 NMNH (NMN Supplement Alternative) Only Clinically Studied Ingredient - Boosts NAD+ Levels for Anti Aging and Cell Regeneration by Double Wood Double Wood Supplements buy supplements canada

* * *

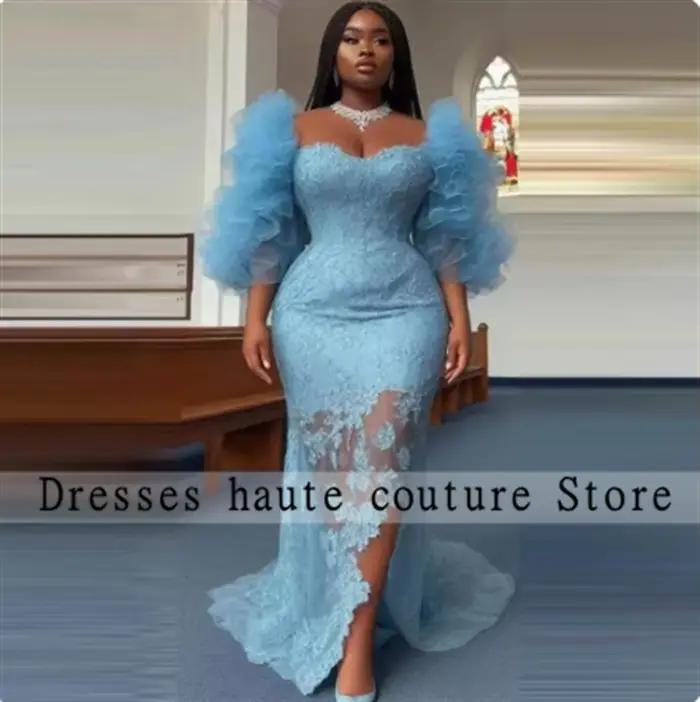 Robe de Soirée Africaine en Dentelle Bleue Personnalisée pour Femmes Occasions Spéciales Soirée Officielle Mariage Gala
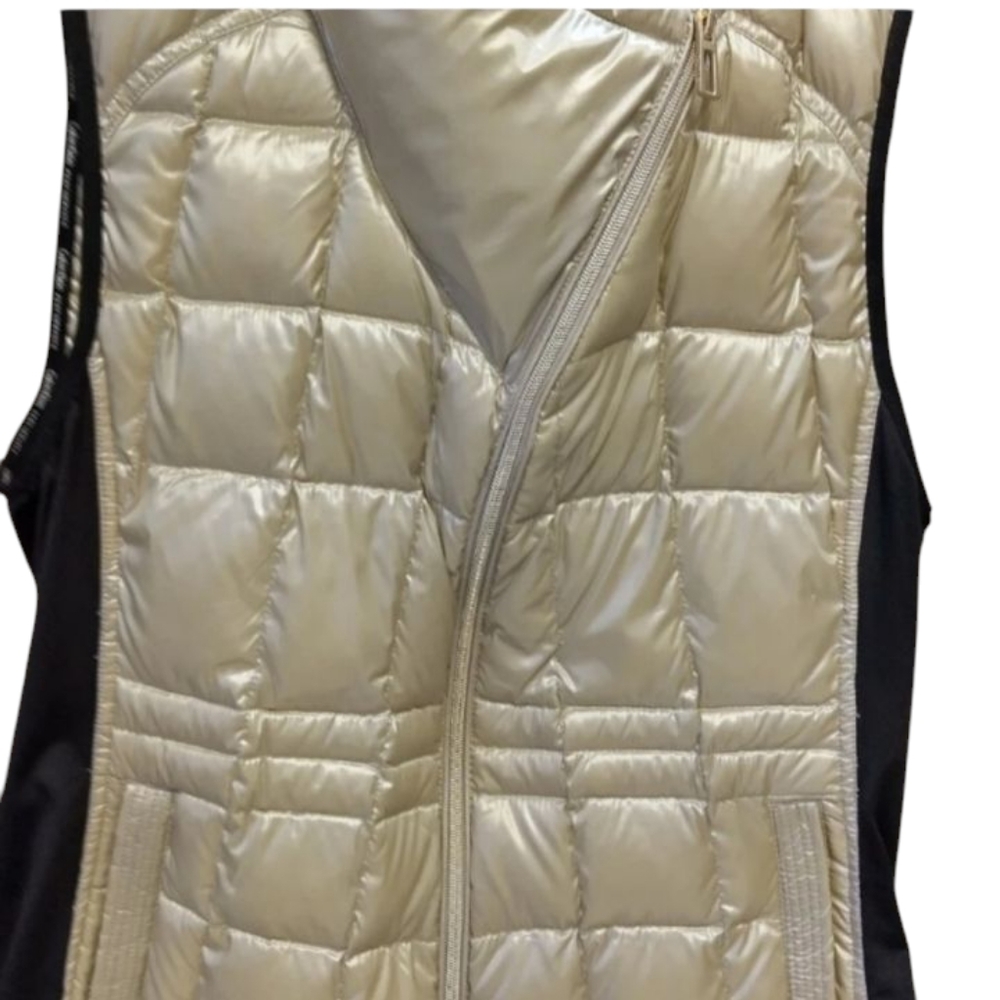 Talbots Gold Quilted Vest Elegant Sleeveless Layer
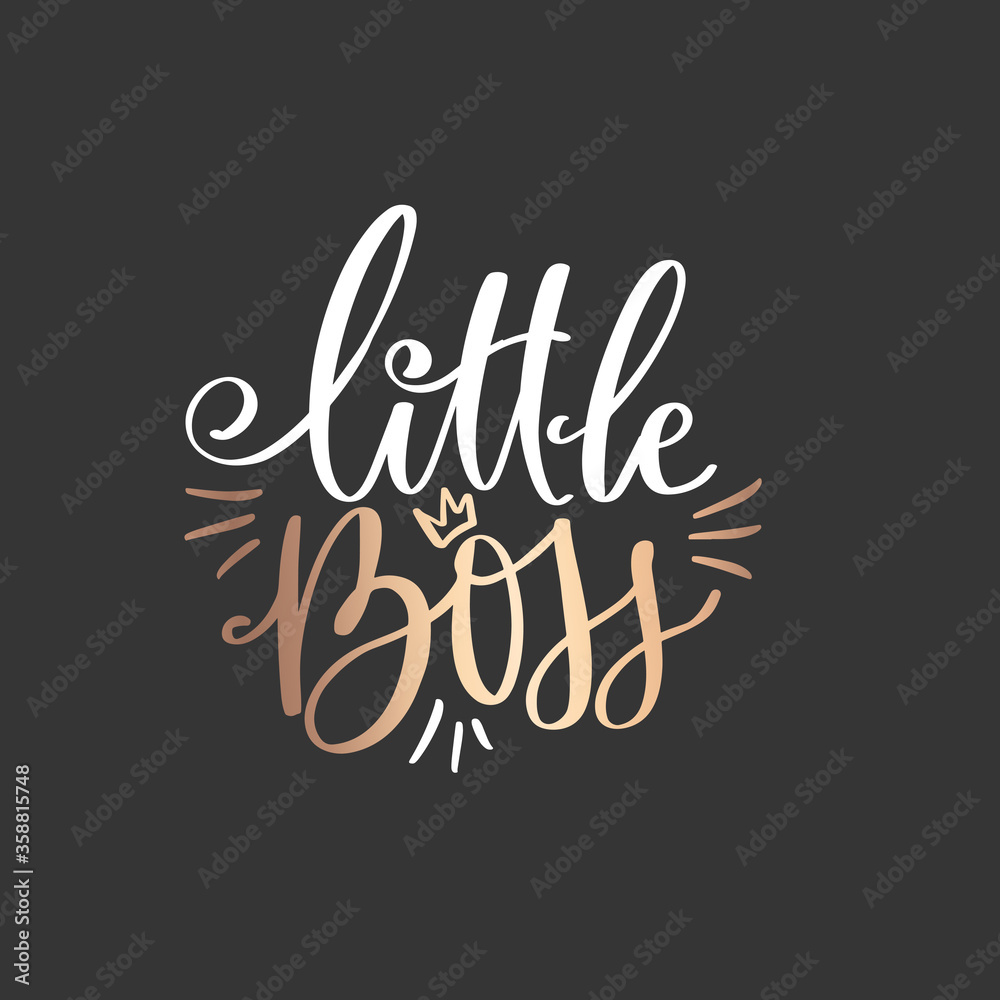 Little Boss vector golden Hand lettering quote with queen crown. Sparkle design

• **EXERCISE DESCRIPTION**: Reproduce the data above exactly, but only from the line containing "Talbots Gold Quilted" through the line containing "Little Boss vector". Omit all pictures.

• **SOLUTION TO THIS TASK**:
 Talbots Gold Quilted Vest Elegant Sleeveless Layer
 Little Boss vector golden Hand lettering quote with queen crown. Sparkle design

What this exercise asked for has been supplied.